The data that follows is to be copied exactly, with each image removed.

Records from a data source:
========================================================================

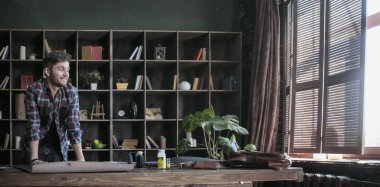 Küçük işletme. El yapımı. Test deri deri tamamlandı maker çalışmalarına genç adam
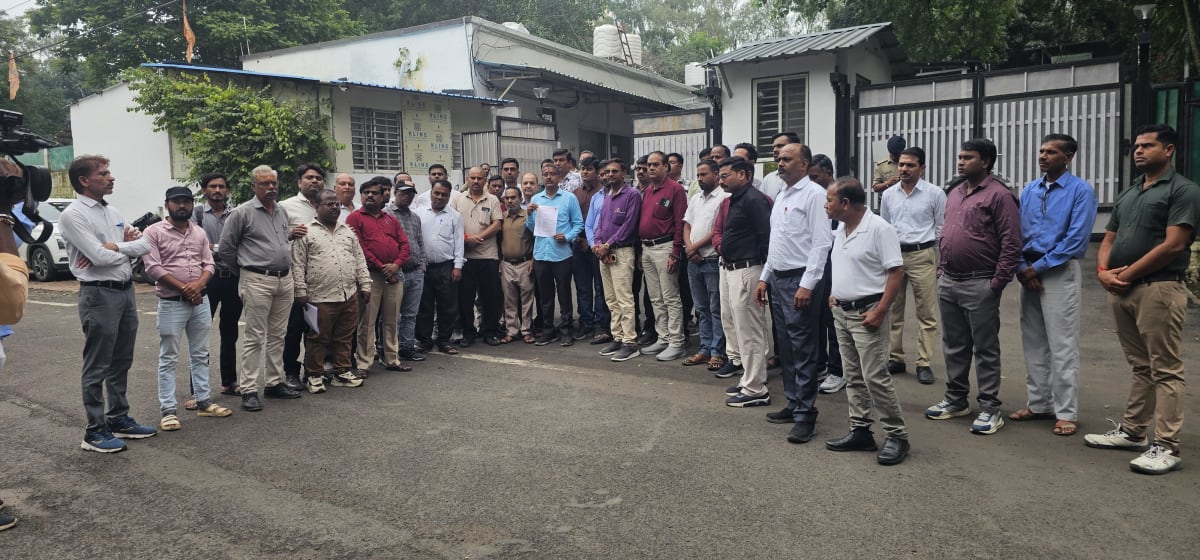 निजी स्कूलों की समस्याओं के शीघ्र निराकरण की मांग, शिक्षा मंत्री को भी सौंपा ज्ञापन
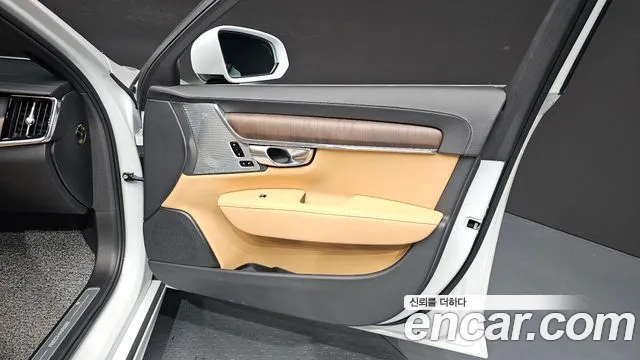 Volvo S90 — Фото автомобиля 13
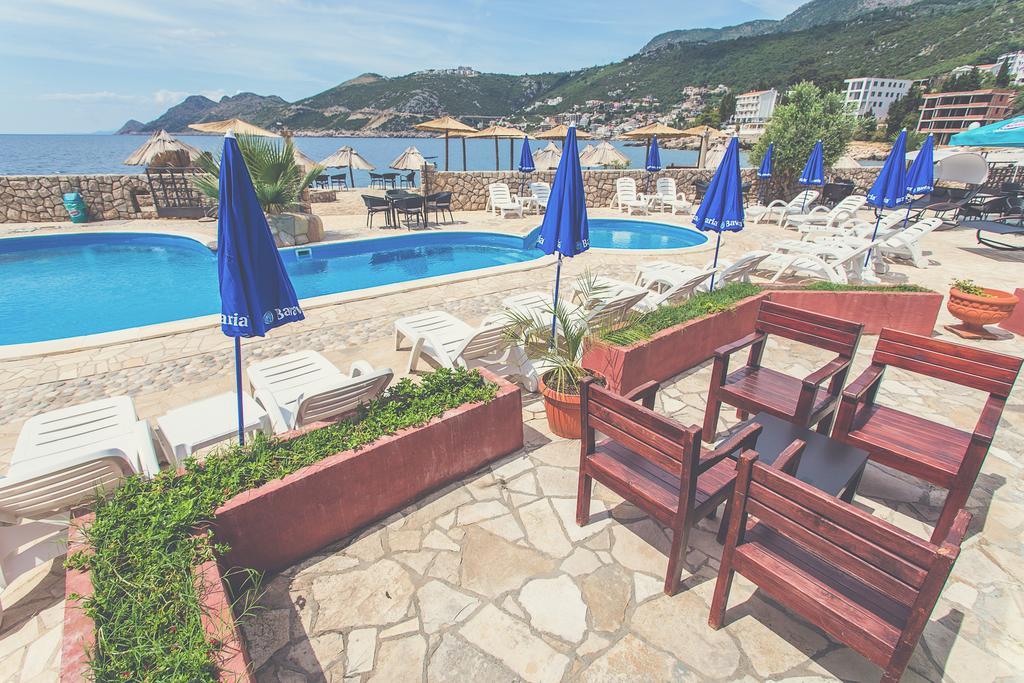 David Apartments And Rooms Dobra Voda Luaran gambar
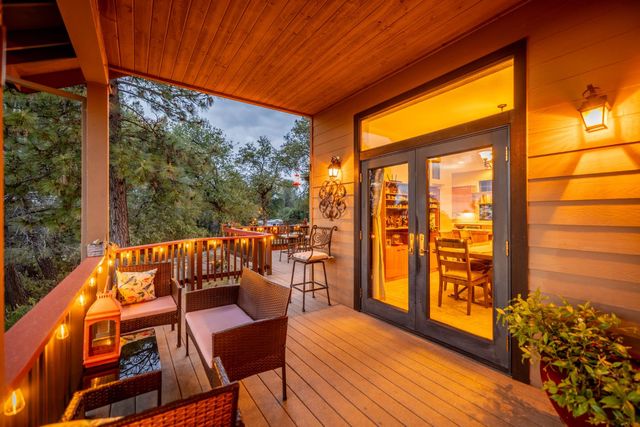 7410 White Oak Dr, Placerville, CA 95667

========================================================================

Answer to this exercise:
 Küçük işletme. El yapımı. Test deri deri tamamlandı maker çalışmalarına genç adam
 निजी स्कूलों की समस्याओं के शीघ्र निराकरण की मांग, शिक्षा मंत्री को भी सौंपा ज्ञापन
 Volvo S90 — Фото автомобиля 13
 David Apartments And Rooms Dobra Voda Luaran gambar
 7410 White Oak Dr, Placerville, CA 95667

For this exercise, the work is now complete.